++++ THE DATA

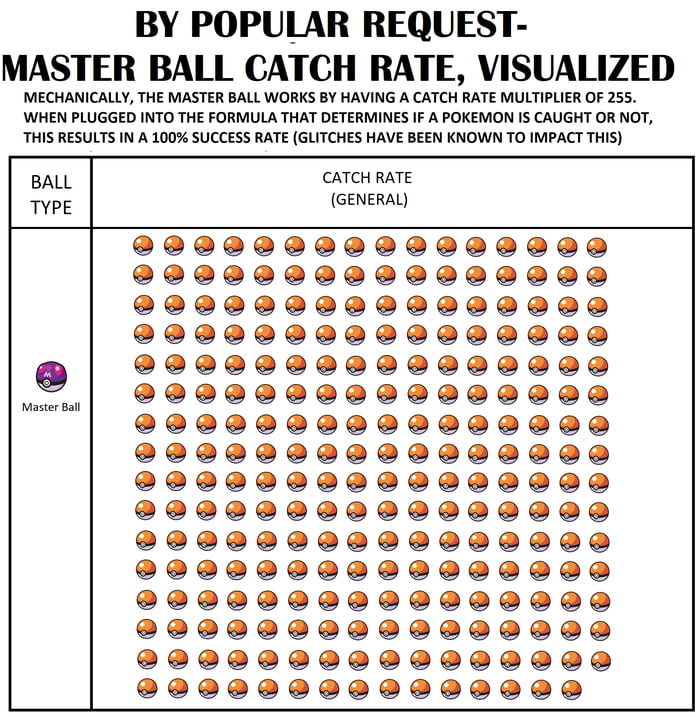 To answer many questions. Also, for the sake of completeness, the Pal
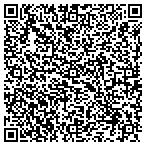 QR code with Wireless at Work contacts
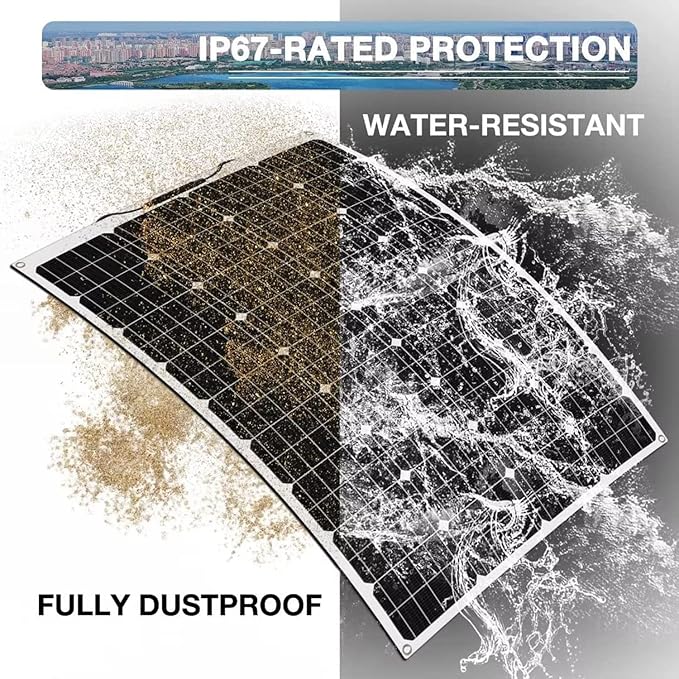 1600 Watt Solar Panel Kit, 4 × 400 Watt Flexible Solar Power Panel Photovoltaic Module with 40A Solar Charge Controller Monocrystalline Solar Panel for Camping Off Grid Battery Charging Boat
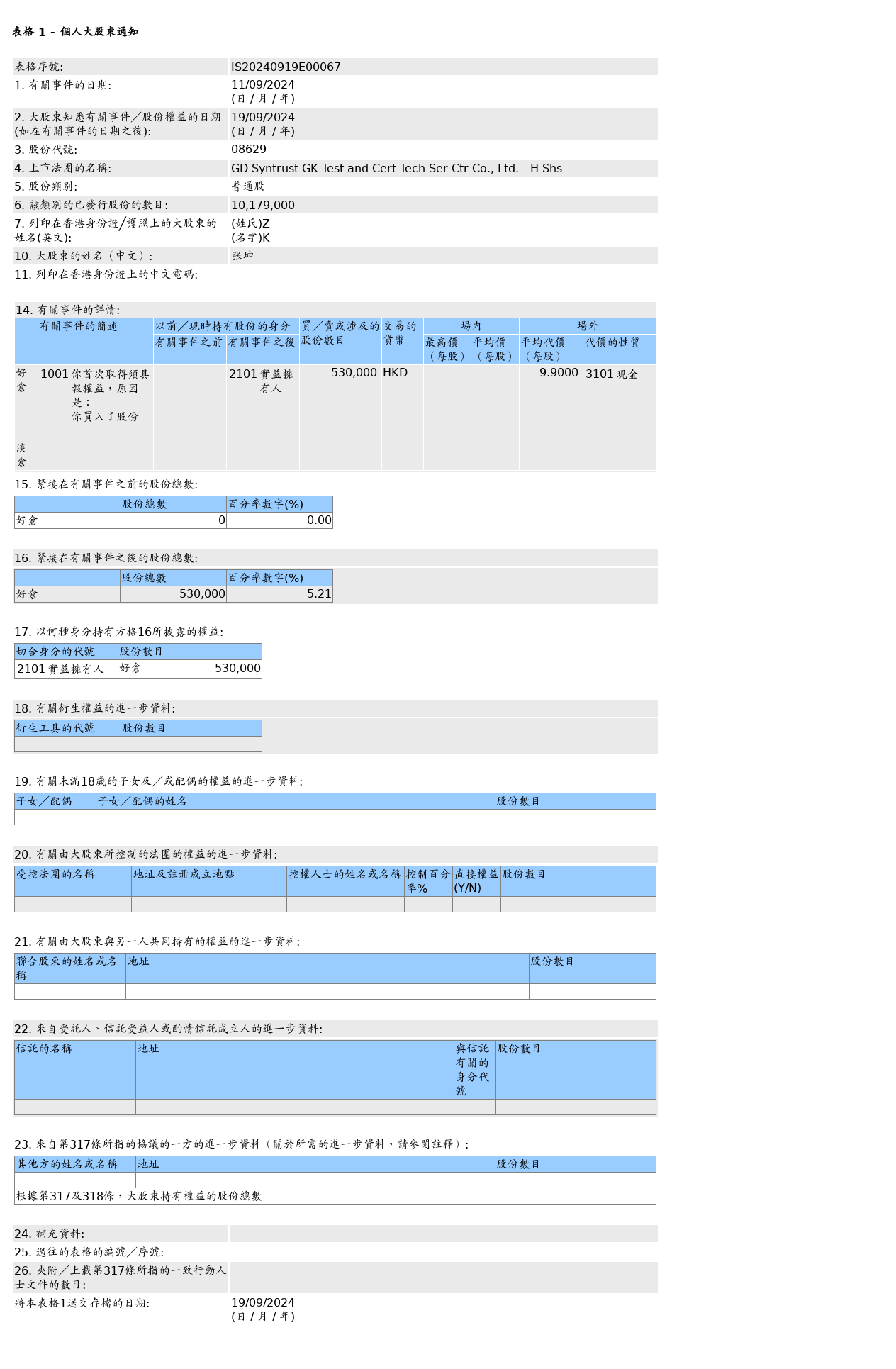 HKEXAutoNews_IS20240919E00067.png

++++++++

*WHAT YOU WILL DO*: Write the lines above out again exactly, excluding every picture.

*ANSWER BOX*:
 To answer many questions. Also, for the sake of completeness, the Pal
 QR code with Wireless at Work contacts
 1600 Watt Solar Panel Kit, 4 × 400 Watt Flexible Solar Power Panel Photovoltaic Module with 40A Solar Charge Controller Monocrystalline Solar Panel for Camping Off Grid Battery Charging Boat
 HKEXAutoNews_IS20240919E00067.png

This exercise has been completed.